# Mechanism for Friedel-Crafts Acylation in Synthesis of Sertraline

In the first step of the synthesis of Sertraline, aluminium chloride catalyst was used in a Friedel-Craft's reaction to give the following product. My question is how does the exact mechanism work? 1-napthol does not seem look like an electrophile to me, and I do not understand how AlCl3 is able to turn 1-napthol into an electrophile. The best guess I have is that the phenol tautomerise to give a ketone, and AlCl3 forms a complex with it. Yet again, I do not understand how the γ carbon is made electrophilic using AlCl3. Any help would be appreciated.

• Even if we assume that the $1$-napthol is getting attacked somehow by $1,2$-dichlorobenzene, instead of substituted $\alpha$-tetralone in the product, shouldn't the product contain $\alpha , \beta$-unsaturated ketone ? The only plausible mechanism generates that by a conjugate addition. – Soumik Das Apr 19 '19 at 11:52
• Note that this is not a Friedel-Crafts acylation. In that reaction, the Lewis-acid is a catalyst. 2 equiv. of aluminium chloride here is definitely not catalytic. In other words, you need a superstoichiometric amount of the Lewis acid to get this reaction to go. Almost certainly coordination of the OH is involved as the first step. But the aluminum chloride is likely not regenerated in this reaction. – Zhe Apr 19 '19 at 14:50
• Also, very importantly, look at the severely reduced unsaturation of the ring. You're going to need a hydride from somewhere. – Zhe Apr 19 '19 at 15:06

## 1 Answer

The alleged original RSC source for this reaction was not accessible online.1. However, Olah et al. have reported2 that α-naphthol 1 in superacid medium forms a dication species 4. The use of excess AlCl3 provides a mechanism for the formation of superacid 3. Benzylic dication 4 undergoes substitution of o-dichlorobenzene 5 which ultimately forms the sertraline precursor, tetralone 8. For reaction conditions, see ref. 3. No reducing agent is required.

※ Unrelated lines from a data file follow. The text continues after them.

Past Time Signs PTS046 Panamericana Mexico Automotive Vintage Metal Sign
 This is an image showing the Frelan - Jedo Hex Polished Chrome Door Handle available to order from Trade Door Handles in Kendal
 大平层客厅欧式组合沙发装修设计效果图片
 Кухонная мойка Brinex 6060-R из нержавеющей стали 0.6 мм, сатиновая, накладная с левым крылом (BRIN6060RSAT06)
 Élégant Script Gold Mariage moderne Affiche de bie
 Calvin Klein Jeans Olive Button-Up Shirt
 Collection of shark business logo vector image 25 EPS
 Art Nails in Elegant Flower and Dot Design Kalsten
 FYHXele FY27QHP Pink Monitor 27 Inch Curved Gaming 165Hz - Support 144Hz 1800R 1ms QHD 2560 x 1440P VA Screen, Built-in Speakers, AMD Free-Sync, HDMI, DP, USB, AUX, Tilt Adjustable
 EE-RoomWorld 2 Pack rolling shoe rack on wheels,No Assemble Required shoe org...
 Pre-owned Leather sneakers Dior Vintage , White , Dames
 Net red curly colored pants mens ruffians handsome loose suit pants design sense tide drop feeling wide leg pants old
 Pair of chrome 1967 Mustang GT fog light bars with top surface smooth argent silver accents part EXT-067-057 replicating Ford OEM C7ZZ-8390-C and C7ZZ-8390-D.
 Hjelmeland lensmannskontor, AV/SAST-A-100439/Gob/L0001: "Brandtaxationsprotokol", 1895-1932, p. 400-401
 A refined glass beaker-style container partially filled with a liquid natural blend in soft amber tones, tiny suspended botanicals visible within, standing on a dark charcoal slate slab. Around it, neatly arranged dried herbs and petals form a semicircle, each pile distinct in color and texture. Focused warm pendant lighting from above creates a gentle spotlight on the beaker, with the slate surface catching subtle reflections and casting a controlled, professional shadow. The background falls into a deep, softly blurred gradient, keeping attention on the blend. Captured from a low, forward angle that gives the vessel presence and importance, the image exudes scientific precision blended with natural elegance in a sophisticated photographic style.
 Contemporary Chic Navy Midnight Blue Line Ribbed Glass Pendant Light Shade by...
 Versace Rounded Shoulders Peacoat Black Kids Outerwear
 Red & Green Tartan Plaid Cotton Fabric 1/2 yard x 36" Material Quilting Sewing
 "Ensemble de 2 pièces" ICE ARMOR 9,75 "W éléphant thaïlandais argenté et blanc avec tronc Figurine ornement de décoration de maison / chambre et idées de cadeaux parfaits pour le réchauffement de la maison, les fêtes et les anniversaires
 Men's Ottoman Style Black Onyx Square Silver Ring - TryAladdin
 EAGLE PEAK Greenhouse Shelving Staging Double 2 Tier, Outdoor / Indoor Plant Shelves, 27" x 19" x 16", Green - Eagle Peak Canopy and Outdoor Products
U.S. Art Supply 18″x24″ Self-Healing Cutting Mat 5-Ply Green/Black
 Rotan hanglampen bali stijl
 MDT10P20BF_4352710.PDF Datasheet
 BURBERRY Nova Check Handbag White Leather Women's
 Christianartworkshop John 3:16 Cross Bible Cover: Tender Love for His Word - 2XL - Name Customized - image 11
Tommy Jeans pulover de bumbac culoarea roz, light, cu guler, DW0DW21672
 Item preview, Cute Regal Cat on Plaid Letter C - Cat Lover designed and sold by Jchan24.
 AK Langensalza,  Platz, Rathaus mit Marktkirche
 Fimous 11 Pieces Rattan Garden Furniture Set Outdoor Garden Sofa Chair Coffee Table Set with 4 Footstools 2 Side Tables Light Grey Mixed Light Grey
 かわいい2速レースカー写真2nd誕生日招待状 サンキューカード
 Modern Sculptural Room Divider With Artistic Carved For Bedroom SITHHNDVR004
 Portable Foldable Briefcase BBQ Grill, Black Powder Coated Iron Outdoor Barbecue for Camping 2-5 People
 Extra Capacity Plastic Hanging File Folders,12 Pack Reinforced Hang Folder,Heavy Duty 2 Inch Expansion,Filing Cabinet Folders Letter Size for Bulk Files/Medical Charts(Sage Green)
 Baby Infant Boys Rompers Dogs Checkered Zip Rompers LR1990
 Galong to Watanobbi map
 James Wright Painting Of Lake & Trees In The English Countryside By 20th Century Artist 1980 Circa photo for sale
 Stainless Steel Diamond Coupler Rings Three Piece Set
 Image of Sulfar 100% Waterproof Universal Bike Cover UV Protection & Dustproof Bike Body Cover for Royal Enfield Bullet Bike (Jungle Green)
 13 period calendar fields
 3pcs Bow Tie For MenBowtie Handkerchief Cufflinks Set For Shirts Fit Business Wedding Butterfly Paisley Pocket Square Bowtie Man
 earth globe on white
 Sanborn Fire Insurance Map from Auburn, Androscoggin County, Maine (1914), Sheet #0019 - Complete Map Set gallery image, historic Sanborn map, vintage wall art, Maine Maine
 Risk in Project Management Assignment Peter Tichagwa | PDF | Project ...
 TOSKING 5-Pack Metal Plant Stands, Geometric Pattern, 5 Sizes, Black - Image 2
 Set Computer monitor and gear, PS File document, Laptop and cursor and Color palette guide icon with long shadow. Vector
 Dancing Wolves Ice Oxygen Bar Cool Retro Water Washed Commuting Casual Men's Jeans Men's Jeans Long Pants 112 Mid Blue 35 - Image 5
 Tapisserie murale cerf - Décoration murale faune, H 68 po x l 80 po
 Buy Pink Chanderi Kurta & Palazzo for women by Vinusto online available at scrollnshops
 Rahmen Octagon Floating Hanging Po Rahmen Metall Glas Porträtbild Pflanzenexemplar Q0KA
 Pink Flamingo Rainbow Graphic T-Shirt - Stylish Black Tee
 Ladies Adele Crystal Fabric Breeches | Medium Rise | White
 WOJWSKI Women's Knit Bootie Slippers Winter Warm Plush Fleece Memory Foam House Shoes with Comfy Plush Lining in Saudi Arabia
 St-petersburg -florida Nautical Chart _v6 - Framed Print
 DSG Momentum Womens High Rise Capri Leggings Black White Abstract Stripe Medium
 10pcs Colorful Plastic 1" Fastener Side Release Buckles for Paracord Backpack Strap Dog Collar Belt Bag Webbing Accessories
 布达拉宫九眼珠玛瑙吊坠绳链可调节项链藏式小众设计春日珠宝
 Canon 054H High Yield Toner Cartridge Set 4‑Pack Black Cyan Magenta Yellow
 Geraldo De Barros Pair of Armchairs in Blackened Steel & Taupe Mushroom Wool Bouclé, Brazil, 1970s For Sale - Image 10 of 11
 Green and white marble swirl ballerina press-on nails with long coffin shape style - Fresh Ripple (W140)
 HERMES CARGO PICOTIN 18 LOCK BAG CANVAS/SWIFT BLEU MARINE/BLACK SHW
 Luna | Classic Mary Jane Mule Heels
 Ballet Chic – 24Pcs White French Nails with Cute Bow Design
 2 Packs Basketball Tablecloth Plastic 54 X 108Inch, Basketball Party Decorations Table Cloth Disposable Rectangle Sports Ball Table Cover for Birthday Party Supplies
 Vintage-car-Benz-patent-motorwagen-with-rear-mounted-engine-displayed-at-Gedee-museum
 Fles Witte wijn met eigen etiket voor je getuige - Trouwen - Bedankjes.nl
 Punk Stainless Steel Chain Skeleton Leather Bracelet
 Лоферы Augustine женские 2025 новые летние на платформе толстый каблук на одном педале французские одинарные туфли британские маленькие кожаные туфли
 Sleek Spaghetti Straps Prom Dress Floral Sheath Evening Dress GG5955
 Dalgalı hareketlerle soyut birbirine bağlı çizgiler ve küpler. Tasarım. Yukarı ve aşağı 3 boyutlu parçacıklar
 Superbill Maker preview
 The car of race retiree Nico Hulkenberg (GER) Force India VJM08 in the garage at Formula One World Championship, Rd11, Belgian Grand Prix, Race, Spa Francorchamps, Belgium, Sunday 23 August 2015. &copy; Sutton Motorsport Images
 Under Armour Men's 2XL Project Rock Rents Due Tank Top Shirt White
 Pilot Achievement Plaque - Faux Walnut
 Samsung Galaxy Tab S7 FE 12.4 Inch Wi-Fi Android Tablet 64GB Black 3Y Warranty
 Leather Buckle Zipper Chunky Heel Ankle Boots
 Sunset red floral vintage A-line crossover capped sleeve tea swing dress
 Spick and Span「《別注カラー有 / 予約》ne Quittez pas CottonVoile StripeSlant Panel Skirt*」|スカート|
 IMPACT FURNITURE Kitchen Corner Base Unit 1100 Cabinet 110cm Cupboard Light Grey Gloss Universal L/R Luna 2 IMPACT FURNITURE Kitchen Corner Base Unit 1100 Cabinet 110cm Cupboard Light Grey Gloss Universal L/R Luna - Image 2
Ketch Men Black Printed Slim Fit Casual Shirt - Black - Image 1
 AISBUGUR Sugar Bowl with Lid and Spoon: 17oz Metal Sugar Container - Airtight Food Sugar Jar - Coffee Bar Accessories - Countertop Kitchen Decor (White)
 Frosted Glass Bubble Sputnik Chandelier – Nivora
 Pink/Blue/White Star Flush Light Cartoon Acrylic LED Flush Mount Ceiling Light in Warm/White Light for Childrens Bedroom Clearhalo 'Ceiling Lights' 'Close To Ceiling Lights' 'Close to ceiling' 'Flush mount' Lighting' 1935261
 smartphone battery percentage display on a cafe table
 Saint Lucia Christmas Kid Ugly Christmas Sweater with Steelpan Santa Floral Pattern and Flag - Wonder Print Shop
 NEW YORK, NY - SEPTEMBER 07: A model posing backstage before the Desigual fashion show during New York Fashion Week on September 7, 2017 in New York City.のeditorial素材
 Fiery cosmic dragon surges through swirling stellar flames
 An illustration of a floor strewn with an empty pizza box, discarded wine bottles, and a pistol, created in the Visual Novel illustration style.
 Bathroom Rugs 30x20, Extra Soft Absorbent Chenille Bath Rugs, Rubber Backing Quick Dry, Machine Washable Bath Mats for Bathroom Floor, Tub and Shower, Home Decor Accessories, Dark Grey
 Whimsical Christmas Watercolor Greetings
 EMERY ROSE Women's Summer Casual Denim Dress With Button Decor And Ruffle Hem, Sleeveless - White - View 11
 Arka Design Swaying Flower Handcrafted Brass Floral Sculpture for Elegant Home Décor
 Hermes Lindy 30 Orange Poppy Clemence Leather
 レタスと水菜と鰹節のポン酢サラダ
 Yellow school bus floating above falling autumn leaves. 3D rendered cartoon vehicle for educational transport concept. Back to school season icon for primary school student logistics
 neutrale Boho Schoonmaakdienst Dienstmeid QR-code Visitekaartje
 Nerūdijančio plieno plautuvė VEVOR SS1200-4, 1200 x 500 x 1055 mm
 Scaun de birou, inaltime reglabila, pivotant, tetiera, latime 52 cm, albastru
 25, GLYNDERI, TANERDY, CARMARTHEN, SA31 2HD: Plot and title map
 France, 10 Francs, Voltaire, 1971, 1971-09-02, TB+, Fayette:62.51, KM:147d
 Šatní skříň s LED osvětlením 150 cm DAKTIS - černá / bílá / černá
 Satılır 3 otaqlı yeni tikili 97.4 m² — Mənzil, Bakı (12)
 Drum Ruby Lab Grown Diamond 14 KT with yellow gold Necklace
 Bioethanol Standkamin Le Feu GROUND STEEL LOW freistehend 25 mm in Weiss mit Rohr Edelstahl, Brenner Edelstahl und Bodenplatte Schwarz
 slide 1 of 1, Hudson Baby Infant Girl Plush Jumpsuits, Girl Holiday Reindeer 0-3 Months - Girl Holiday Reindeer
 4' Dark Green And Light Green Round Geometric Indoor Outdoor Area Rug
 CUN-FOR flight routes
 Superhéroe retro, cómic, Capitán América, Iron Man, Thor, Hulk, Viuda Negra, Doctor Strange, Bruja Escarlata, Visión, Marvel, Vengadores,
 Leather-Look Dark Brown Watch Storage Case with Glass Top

1) Kavitha, C. V.; Mantelingu, K.; Sarala, G.; Naveen, S.; Anandalwar, S. M.; Prasad, J. S.; Rangappa, K. S. J. Chem. Res. 2006, 11, 730.

2) Koltunov, K. Y.; Chernov, A. N.; Prakash, G. K. S.; Olah, G. A. Chem. Pharm. Bull. 2012, 60, 722.

3) Lee, S. H.; Kim, I. S.; Qing, R. L.; Dong, G. R.; Jeong, L. K.; Jung, Y. H. J. Org. Chem., 2011, 76, 10011.